- Requirement -
Your answer should be the line that contains "Set by Simrans" and each line after it, restated word for word through the final line of the entries.

- Record set -
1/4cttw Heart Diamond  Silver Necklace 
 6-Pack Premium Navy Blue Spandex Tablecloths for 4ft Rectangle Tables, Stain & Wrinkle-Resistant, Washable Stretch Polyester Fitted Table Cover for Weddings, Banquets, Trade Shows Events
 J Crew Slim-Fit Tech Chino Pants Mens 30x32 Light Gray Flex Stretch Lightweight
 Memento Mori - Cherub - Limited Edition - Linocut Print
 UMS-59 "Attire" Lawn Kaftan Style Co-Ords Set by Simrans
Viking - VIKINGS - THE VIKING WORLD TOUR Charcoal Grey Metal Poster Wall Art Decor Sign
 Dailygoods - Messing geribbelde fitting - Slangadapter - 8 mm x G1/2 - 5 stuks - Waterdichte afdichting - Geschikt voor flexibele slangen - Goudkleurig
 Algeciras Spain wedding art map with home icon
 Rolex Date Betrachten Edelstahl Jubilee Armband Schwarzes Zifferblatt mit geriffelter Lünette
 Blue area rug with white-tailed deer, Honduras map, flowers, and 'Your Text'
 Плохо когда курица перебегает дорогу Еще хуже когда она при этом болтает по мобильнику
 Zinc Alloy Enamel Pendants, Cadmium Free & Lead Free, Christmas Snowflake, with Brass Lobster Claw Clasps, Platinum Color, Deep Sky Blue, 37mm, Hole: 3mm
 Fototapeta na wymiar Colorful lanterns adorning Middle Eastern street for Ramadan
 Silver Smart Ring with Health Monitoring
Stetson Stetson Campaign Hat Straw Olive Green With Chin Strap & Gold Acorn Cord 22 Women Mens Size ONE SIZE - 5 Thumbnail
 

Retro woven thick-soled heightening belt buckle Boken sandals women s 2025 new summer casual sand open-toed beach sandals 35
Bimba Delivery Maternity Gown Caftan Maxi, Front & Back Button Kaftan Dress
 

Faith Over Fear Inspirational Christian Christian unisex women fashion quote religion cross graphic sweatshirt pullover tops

- Solution for this task -
 UMS-59 "Attire" Lawn Kaftan Style Co-Ords Set by Simrans
Viking - VIKINGS - THE VIKING WORLD TOUR Charcoal Grey Metal Poster Wall Art Decor Sign
 Dailygoods - Messing geribbelde fitting - Slangadapter - 8 mm x G1/2 - 5 stuks - Waterdichte afdichting - Geschikt voor flexibele slangen - Goudkleurig
 Algeciras Spain wedding art map with home icon
 Rolex Date Betrachten Edelstahl Jubilee Armband Schwarzes Zifferblatt mit geriffelter Lünette
 Blue area rug with white-tailed deer, Honduras map, flowers, and 'Your Text'
 Плохо когда курица перебегает дорогу Еще хуже когда она при этом болтает по мобильнику
 Zinc Alloy Enamel Pendants, Cadmium Free & Lead Free, Christmas Snowflake, with Brass Lobster Claw Clasps, Platinum Color, Deep Sky Blue, 37mm, Hole: 3mm
 Fototapeta na wymiar Colorful lanterns adorning Middle Eastern street for Ramadan
 Silver Smart Ring with Health Monitoring
Stetson Stetson Campaign Hat Straw Olive Green With Chin Strap & Gold Acorn Cord 22 Women Mens Size ONE SIZE - 5 Thumbnail
 

Retro woven thick-soled heightening belt buckle Boken sandals women s 2025 new summer casual sand open-toed beach sandals 35
Bimba Delivery Maternity Gown Caftan Maxi, Front & Back Button Kaftan Dress
 

Faith Over Fear Inspirational Christian Christian unisex women fashion quote religion cross graphic sweatshirt pullover tops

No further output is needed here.